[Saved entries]
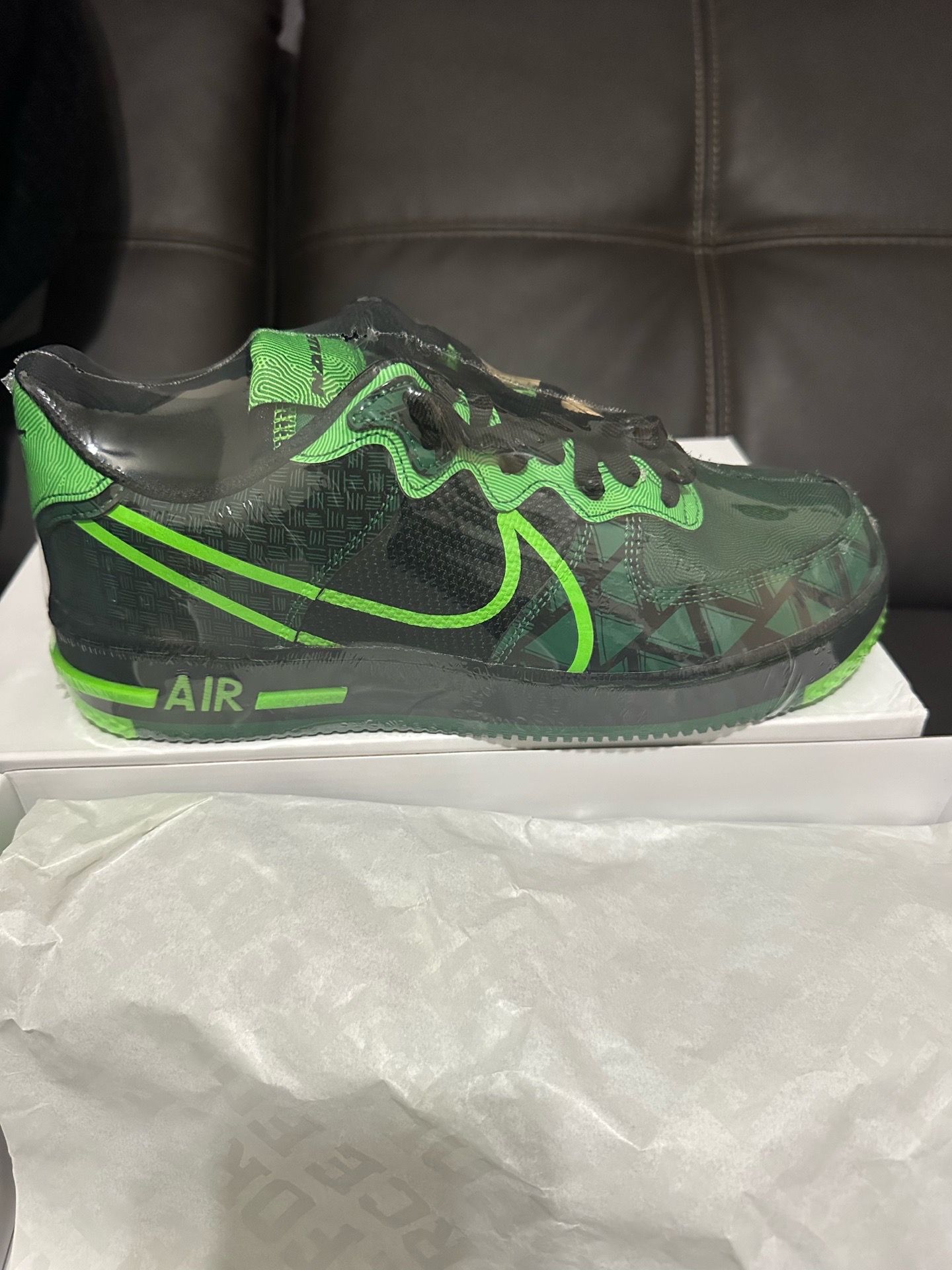 Air Force 1 React Naija DS
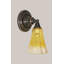 Applique murale avec verre cristal 5,5 po-13491716-13491714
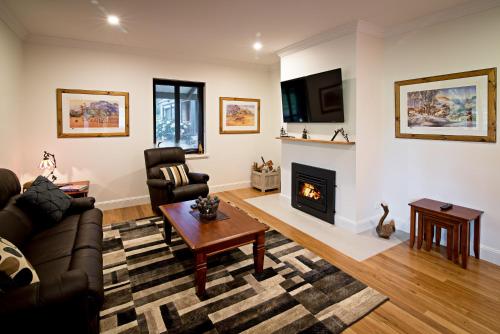 Gallery image of Brockenchack Vineyard Bed & Breakfast in Mount McKenzie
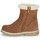 Shoes Girl High boots Citrouille et Compagnie PARAVA Camel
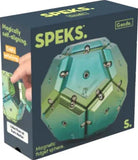 SPEKS GEODE CHROME GAMMA SPHERE GREEN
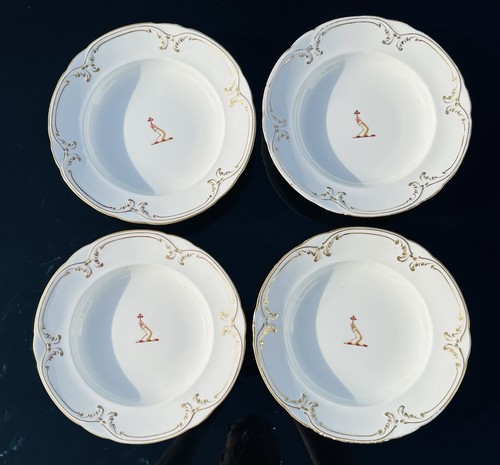 Antique spode thomas goode - 4,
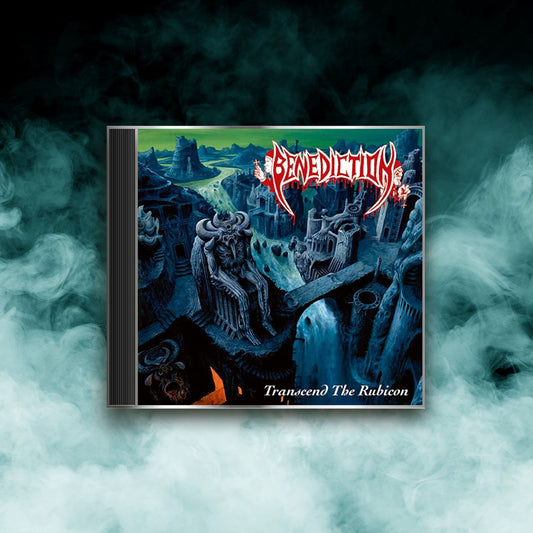 Benediction - Transcend the Rubicon (CD)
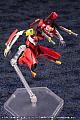 KOTOBUKIYA Rebuild of Evangelion General Purpose Humanoid Battle Weapon Regular Production Type Kai EVA-02 Beta 1/400 Plastic Kit gallery thumbnail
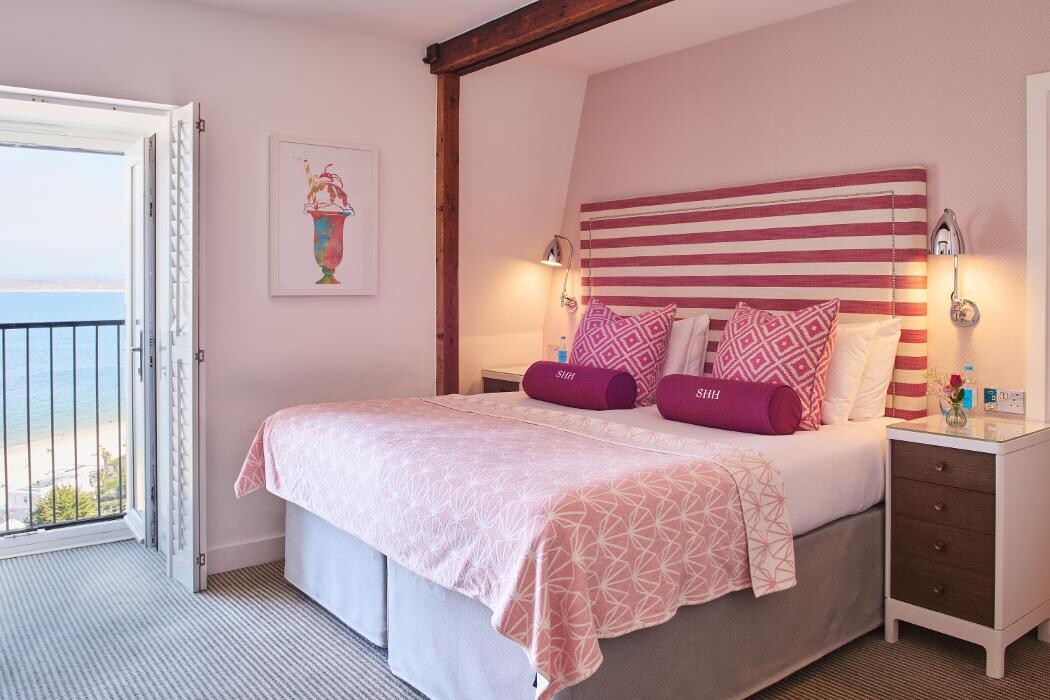 Images Harbour Hotel St Ives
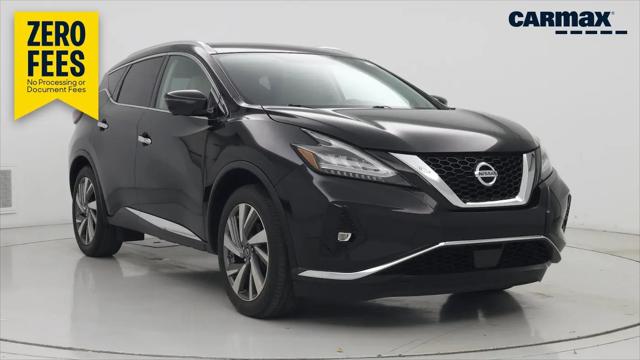 2019 Nissan Murano SL for sale in Irvine, CA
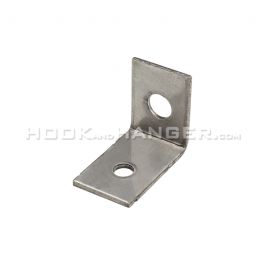90 Degree Angle Clip - 316 Stainless Steel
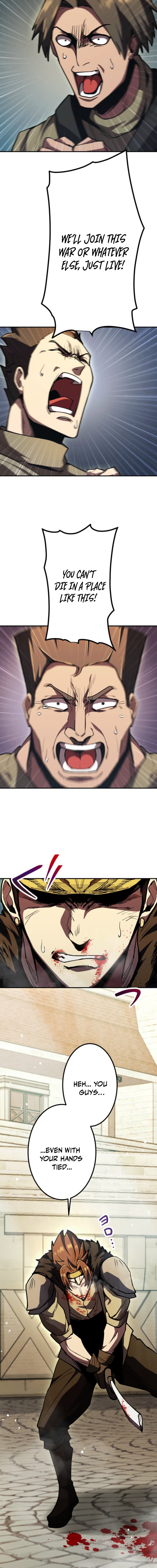 I Became the Berserker of the World I Created Chapter 13 — Page 14
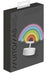 EAN 8021735224372 - Muitomas NEONRAINBOWC lámpara de mesa Neon F Blanco imagen 2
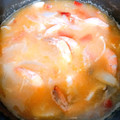 namecoo's cooksnap of when they made お家で簡単♡トムヤムクンスープ.
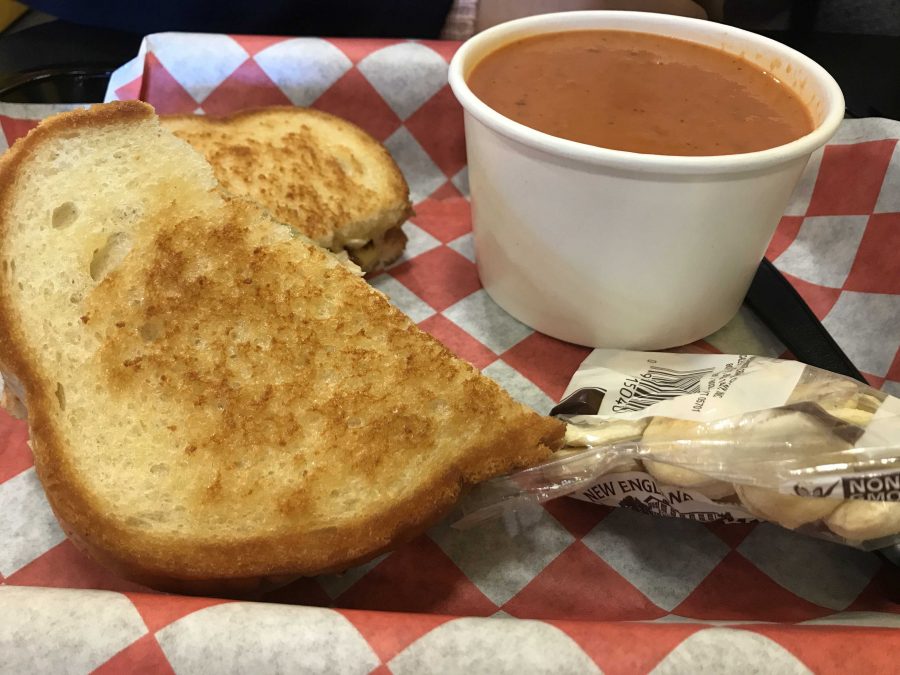 Fombelle’s Food Finds: Tom + Chee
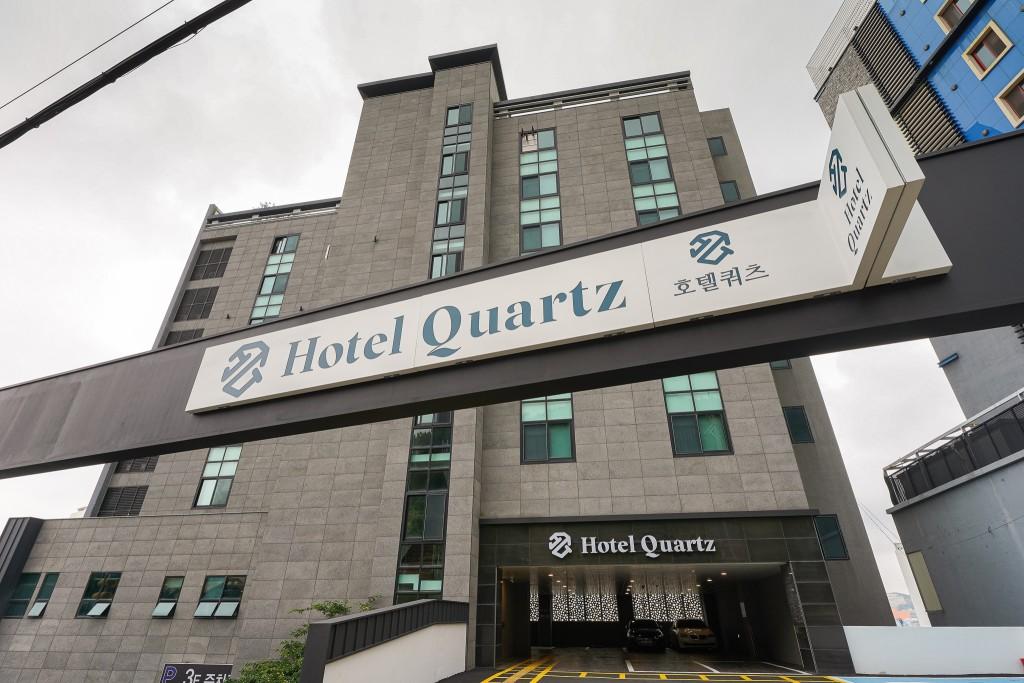 Busan Songdo Quartz Hotel-26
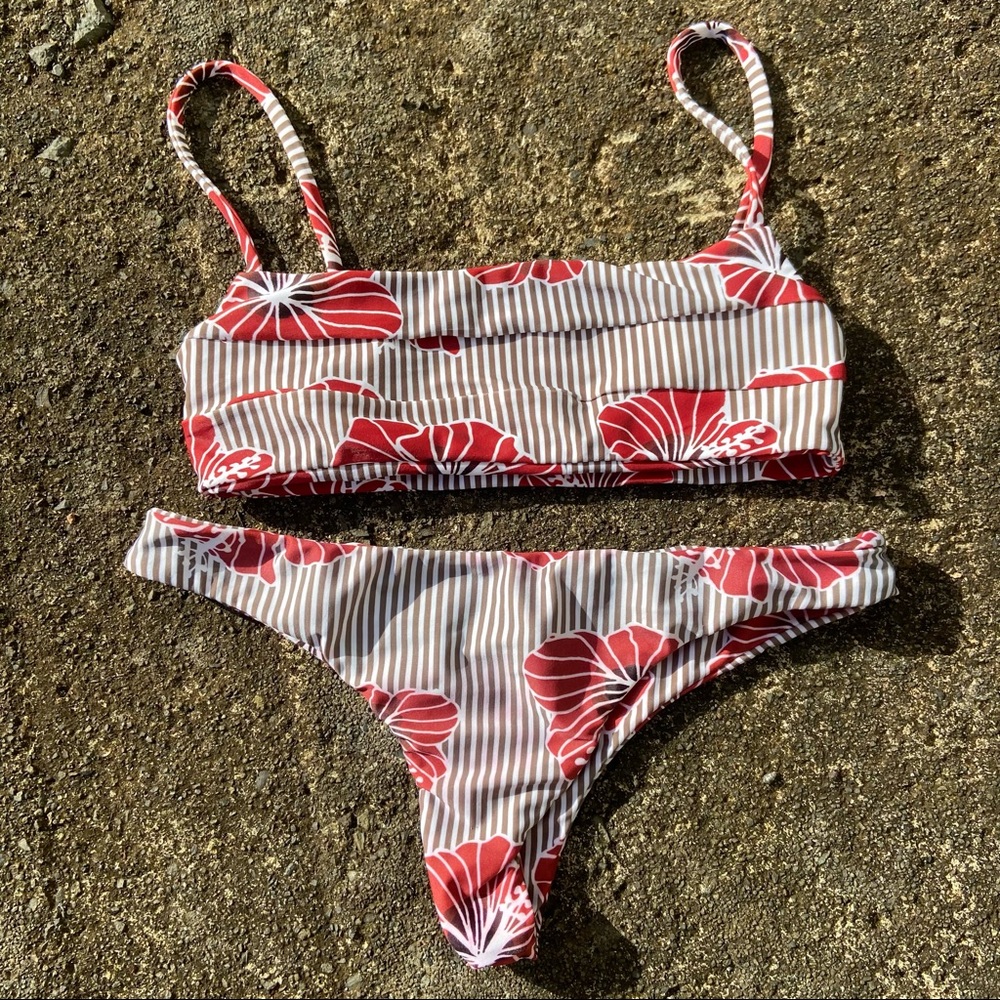 BENOA SWIM Hapa Set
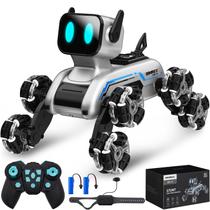 Carro de acrobacias Robot Dog RC SIMREX CR-11 com controle de gestos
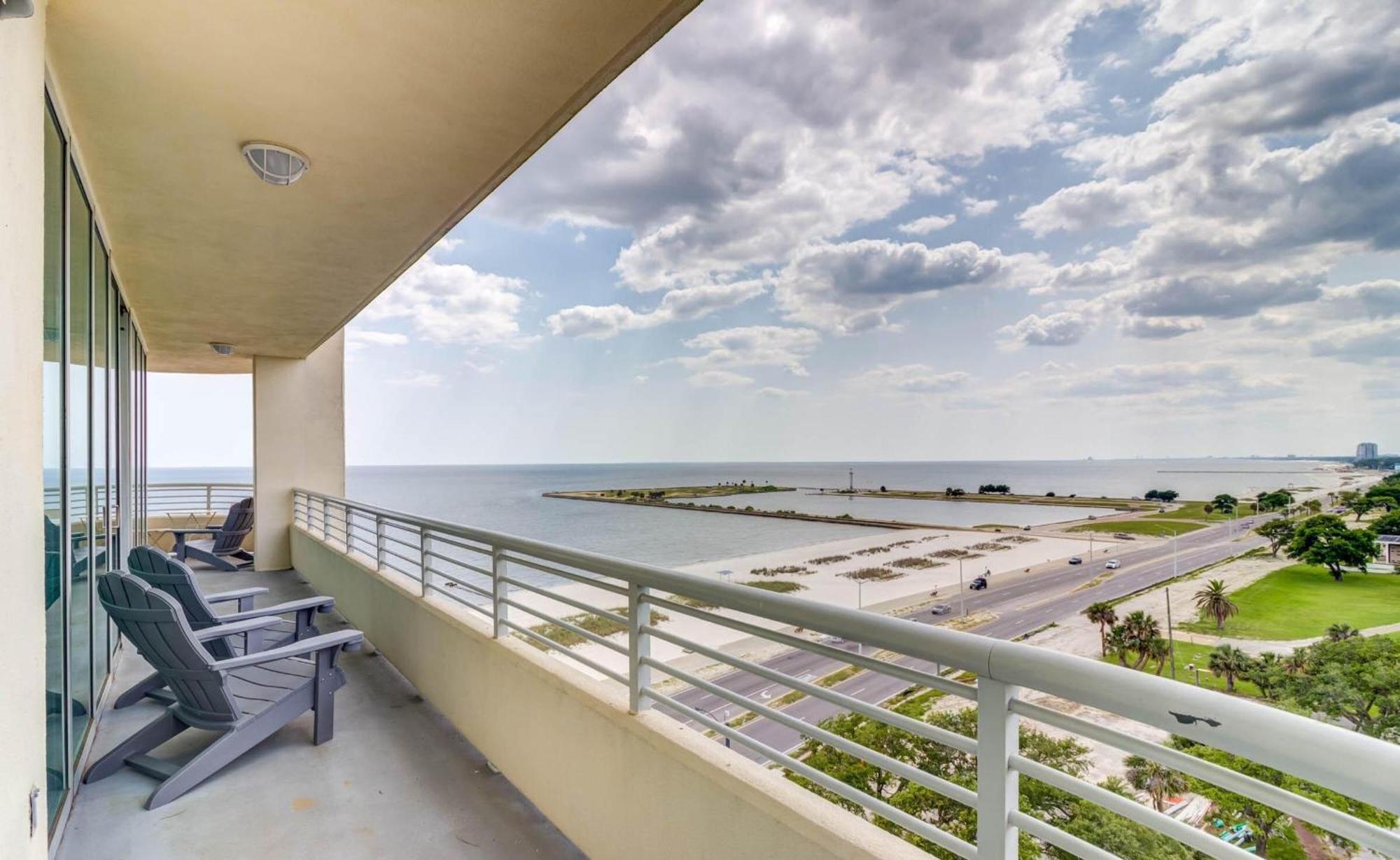 Ocean Club 704 Villa Biloxi Bagian luar foto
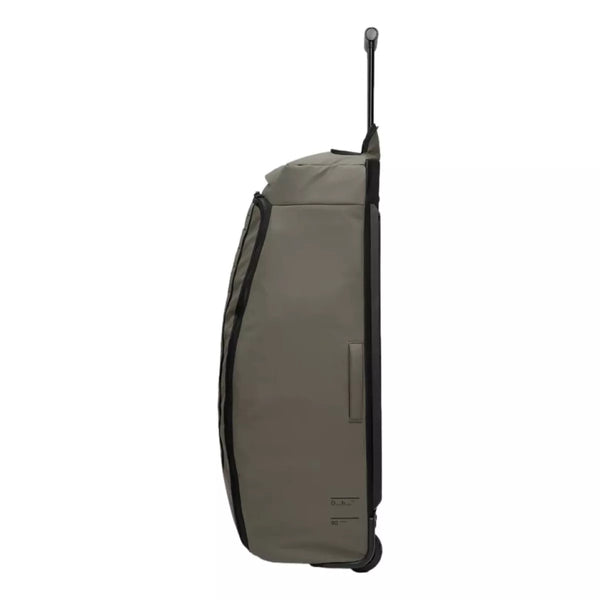 DB DB Hugger Rollerbag Donkergroen 90L - Match Laren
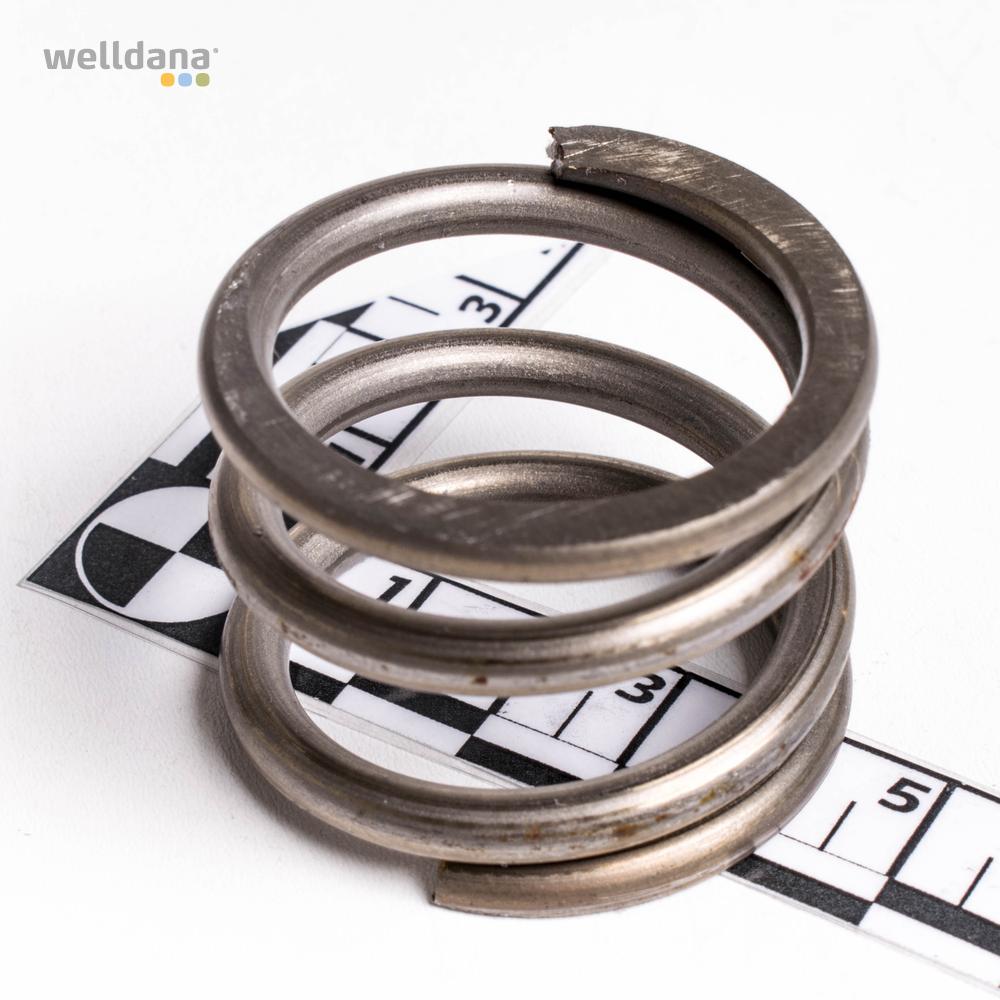 Fjeder til ventilplade Multiportventil 1½"-2"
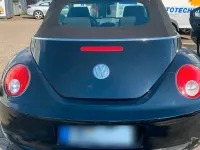 Gebraucht VW Golf 101 PS (74 kW) 2006 Schwarz Cabrio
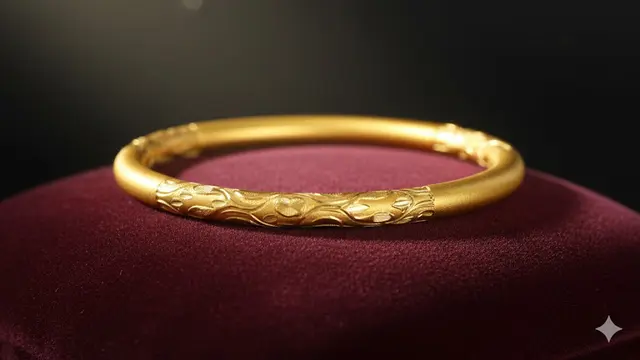 Gelang lilit tambang vietnam (Gemini AI)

** WHAT IS REQUIRED **
Every record above must be copied exactly; none of the pictures belong in the copy.

** OUTPUT OF THE EXERCISE **
 Air Force 1 React Naija DS
 Applique murale avec verre cristal 5,5 po-13491716-13491714
 Gallery image of Brockenchack Vineyard Bed & Breakfast in Mount McKenzie
 Shoes Girl High boots Citrouille et Compagnie PARAVA Camel
 SPEKS GEODE CHROME GAMMA SPHERE GREEN
 Antique spode thomas goode - 4,
 Benediction - Transcend the Rubicon (CD)
 KOTOBUKIYA Rebuild of Evangelion General Purpose Humanoid Battle Weapon Regular Production Type Kai EVA-02 Beta 1/400 Plastic Kit gallery thumbnail
 Images Harbour Hotel St Ives
 2019 Nissan Murano SL for sale in Irvine, CA
90 Degree Angle Clip - 316 Stainless Steel
 I Became the Berserker of the World I Created Chapter 13 — Page 14
 EAN 8021735224372 - Muitomas NEONRAINBOWC lámpara de mesa Neon F Blanco imagen 2
 namecoo's cooksnap of when they made お家で簡単♡トムヤムクンスープ.
 Fombelle’s Food Finds: Tom + Chee
 Busan Songdo Quartz Hotel-26
 BENOA SWIM Hapa Set
 Carro de acrobacias Robot Dog RC SIMREX CR-11 com controle de gestos
 Ocean Club 704 Villa Biloxi Bagian luar foto
 DB DB Hugger Rollerbag Donkergroen 90L - Match Laren
 Fjeder til ventilplade Multiportventil 1½"-2"
 Gebraucht VW Golf 101 PS (74 kW) 2006 Schwarz Cabrio
 Gelang lilit tambang vietnam (Gemini AI)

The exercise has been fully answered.